This is a discussion on Cheating within the ISTJ Forum - The Duty Fulfillers forums, part of the SJ's Temperament Forum- The Overseers category; Originally Posted by niss63 All types cheat. We all will find some way of justifying our actions, regardless of whether ...
sorry to bring it up but cheating is genetic moral value may affect it but it mostly genetic
but i have never cheated because i dont really like love relation there are girl i find cute and like but GF seem to bring more problem then advantage for now and sport is much better right now
I would never cheat
Of course, as you said, there are other factors that play into it, and certainly people of all types cheat. But I think cheating would be a lot more pre-meditated for an ISJ than for an ESP, for example. I don't think ISJ's get caught up in the moment and fall into immediate temptation as often as other types.
So I don't think type has nothing to do with it, even if there are other factors.
There's a good chance that I might just physically kill myself before I do that.
I've never cheated in my life, nor do I plan to. Like the folks who posted above, I'd rather break off the relationship before moving onto someone else.
It helps that I seem to be hard-wired to respond only to the person that I'm together with. I've found that once I enter into a relationship, I don't really get interested in anyone else.

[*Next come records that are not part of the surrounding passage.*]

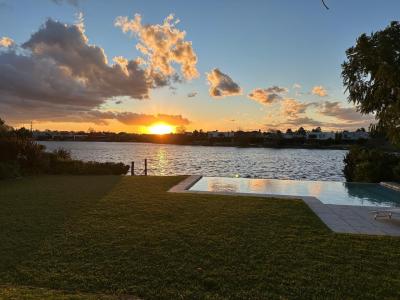 Casa 4 dormitorios en venta en General Pacheco, Tigre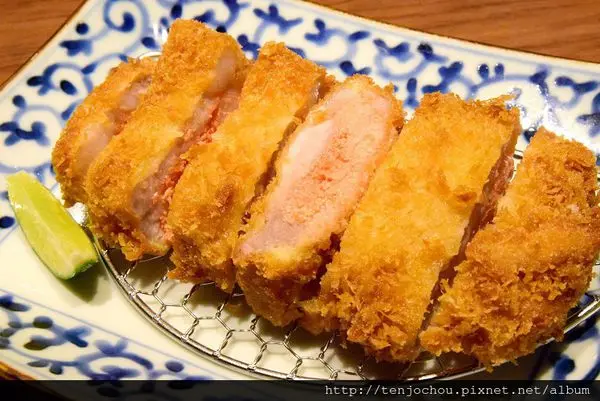 花花，甲飽沒【台北食記】杏子日式豬排 永遠都在排隊的人氣美食 百吃不膩啊 *文末抽獎送豬排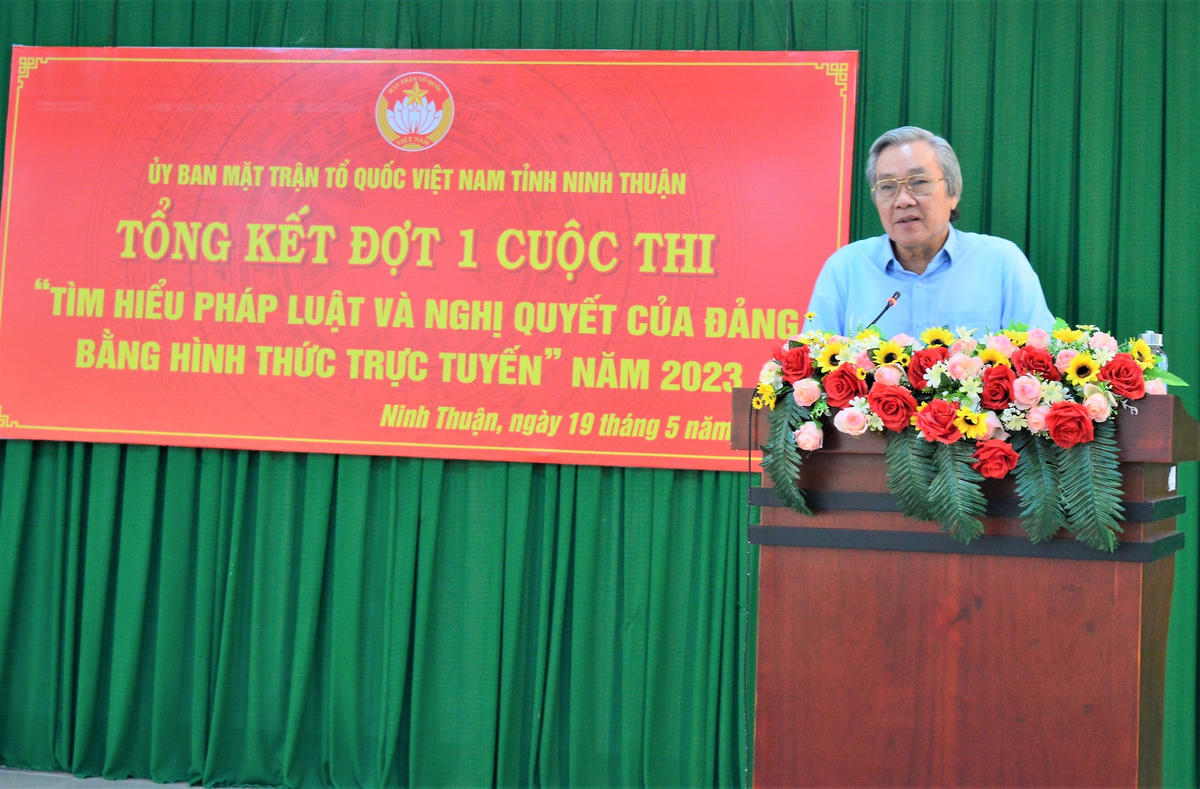 Ông Lê Văn Bình, Chủ tịch Ủy ban MTTQ  Việt Nam tỉnh Ninh Thuận, phát biểu tại buổi lễ.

I would never cheat. It just seems so out of character and an illogical thing to do. If I am unhappy with the relationship I am in, then I would break it and move on. If not, then I don't see any reasons to be cheating on someone.

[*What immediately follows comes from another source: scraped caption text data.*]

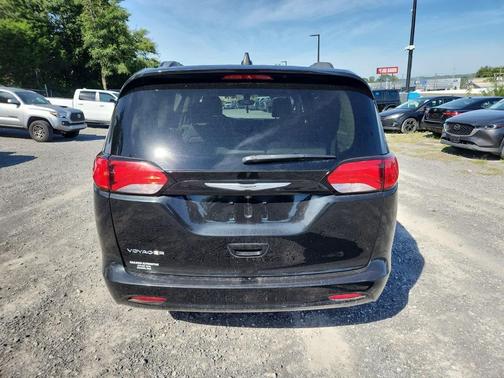 2021 Chrysler Voyager LXI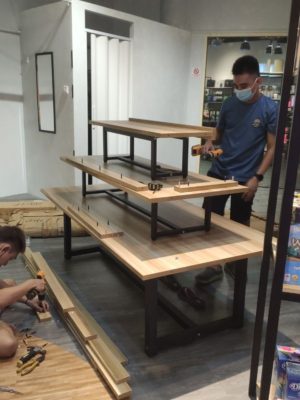 Display shelves assembly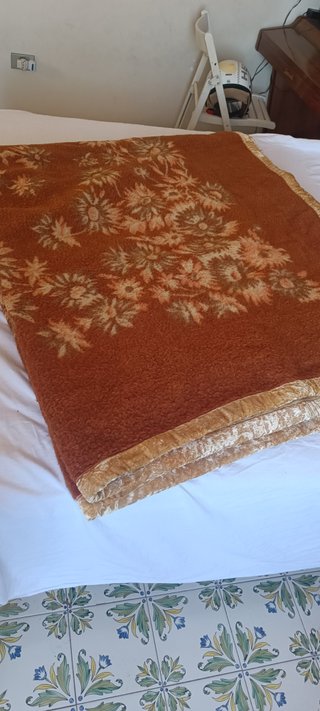 Coperta tipo Somma in lana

Of course, it also depends on many other factors. Moral values, making decisions on impulses, fleshly desires, etc. I can also see why Si would influence this- since we would likely stick to our guns than wander around in someone else's teritory.
We feel this way, finding cheating repugnant because we are ISXJ's and rate loyalty very high. We also tend to be traditional in our POV and traditionally, cheating is viewed unfavorably by society. So holding cheating in low regard comes naturally to us for these positive reasons.
We get stuck in no win relationships refusing to leave them because we are afraid. We are afraid of the unknown, finding it more comfortable to deal with the demons with which we are familiar as opposed to the demons that we have not yet met.
So our loyalty gets us there and our fear and tendency to cling to the known keeps us there.